What do’s and don’ts should you follow when implementing a direct mail or email campaign?

See our checklist below for do’s and don’ts you should follow to maximize the effectiveness of your direct mail or email campaign.  While there are several factors to consider when rolling out a direct mail and email campaign, following basic do’s and don’ts will help you extend your reach and attain your objectives.

Do

Use a targeted direct mail or email list to improve your response rate.  Internal lists are best because prospects and customers are familiar with you, and you control the frequency and reliability of the data.  Using the help of a list broker or agency, however, may be needed if your internal list is too small or won’t provide the target number of expected responses.  Generally speaking, the more targeted your audience is, the smaller the list size will be, and the more costly it will be to rent.

Use artwork, images, and wording that reflect your brand.  Branding should be aligned with corporate standards and program offering.  Images should be balanced with text and white space.

Your direct mail or email should include the basics:

  • Contact information
  • Subject line that grabs attention*
  • Call-to-action
  • Sharing options
  • Website or URL for more information
  • Social media sites where you have a presence
  • Special offer or spiff to help increase response rates.

* To grab your reader’s attention, consider a subject line that peeks curiosity, inspires emotion, extends a timely offer, or raises a question. If undertaking a nurture or trigger campaign, consider using a consistent subject line or subject prefix to allow the user to search for your information more easily in their inbox.  Be aware, however, that a consistent subject line may lead to lower open rates over time because the information sent is more predictable such as a weekly newsletter.1

Ensure your message is targeted to the specific needs of your audience.2  For email campaigns, personalizing your message will improve open rates and improve click-through rates.  Open rates are influenced by subject line and who the message is from, so avoid generic ‘reply from’ email addresses when possible.3  Remember: Users may see your email in their email preview pane, skewing the open response rate, so be sure to consider how your message is rendered.

For direct mail pieces, your messaging should be directed to your target audience’s needs.  You can still customize your letter or piece by ensuring it’s addressed to the right person as opposed to a generic address like “Business owner” or “Household member.”  Many of the same principles apply to direct mail as it does to email.  With only a few seconds to grab your reader’s attention, make sure your message is relevant, timely, and interesting. How?
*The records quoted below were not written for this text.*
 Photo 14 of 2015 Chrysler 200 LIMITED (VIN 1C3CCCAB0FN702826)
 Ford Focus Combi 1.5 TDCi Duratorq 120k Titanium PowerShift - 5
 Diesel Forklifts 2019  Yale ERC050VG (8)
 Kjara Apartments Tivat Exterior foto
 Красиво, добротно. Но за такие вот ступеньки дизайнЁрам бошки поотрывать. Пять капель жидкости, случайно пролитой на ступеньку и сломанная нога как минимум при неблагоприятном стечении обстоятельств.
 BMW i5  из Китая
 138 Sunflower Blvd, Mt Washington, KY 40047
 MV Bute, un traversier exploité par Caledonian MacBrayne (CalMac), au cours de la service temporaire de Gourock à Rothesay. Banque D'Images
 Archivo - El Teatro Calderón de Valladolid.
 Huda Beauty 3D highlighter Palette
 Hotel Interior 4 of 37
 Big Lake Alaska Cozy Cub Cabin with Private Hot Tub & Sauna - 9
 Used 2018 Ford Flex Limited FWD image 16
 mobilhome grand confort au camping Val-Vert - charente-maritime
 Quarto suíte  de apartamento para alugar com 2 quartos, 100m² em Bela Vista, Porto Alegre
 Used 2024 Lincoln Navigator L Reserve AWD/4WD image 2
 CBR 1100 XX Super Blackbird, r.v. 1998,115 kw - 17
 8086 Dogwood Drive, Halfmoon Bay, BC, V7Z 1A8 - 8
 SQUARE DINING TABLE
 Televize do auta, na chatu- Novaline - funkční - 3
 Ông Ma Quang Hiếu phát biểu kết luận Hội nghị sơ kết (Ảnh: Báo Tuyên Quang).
  • Have your greeting include the prospect’s name.
  • Segment your mailing list to by one or more of the following:
    • industry
    • type of customer
    • interests
    • loyalty
  • Add the receiver’s location or their name.
  • Use action oriented language.
  • Provide a sense of urgency.
  • Incorporate data or numbers to back up a statement or claim.
  • Consider adding an interesting fact to encourage the receiver to take action.
  • Inspire curiosity or other emotions with thought provoking questions.
  • Make your reader laugh or smile by incorporating a pun or joke.
  • Include a special discount or other incentive to encourage a timely response.
  • Use tools such as predictive analytics to evaluate past purchases and make suggestions for complimentary products and services.4
  • Understand the needs of your niche market, using language your prospect appreciates.5
  • Try to understand where your customer is in the buying cycle for the type of message that will resonate most.
  • Include social media hashtags to direct people to specialized topics of interest.6

Deliverability can impact response rates.  Email spam filters are improving, and factors such as individuals or businesses moving can impact postal delivery.  When it comes to direct mail, the US Postal Services estimated in fiscal year 2013 that 4.3% was undelivered as addressed, costing an estimated $1.5 billion.7

Use A/B testing or multivariant testing methods to improve messaging and response rates.  For direct mail, testing may be cost prohibitive, but in the long run, could help you save money on a full scale mailing due to being able to take corrective action before the larger mailing is done.  Also, by testing various offers, lists, and tactics, the results may surprise you, helping you identify new markets, introduce new products, or segment your audience with more precision.8  For email campaigns, many email service providers (ESPs) offer free A/B testing, so it’s easy and cost effective to test a subject line, an image, or other messaging.  At the very least, you’ll want to evaluate how messaging impacts different customer segments to find opportunities where you can improve your next campaign roll out.9

In addition to messaging testing, you should test your email display on various platforms using different operating systems, email systems, and browsers to anticipate and correct issues users may encounter on their devices.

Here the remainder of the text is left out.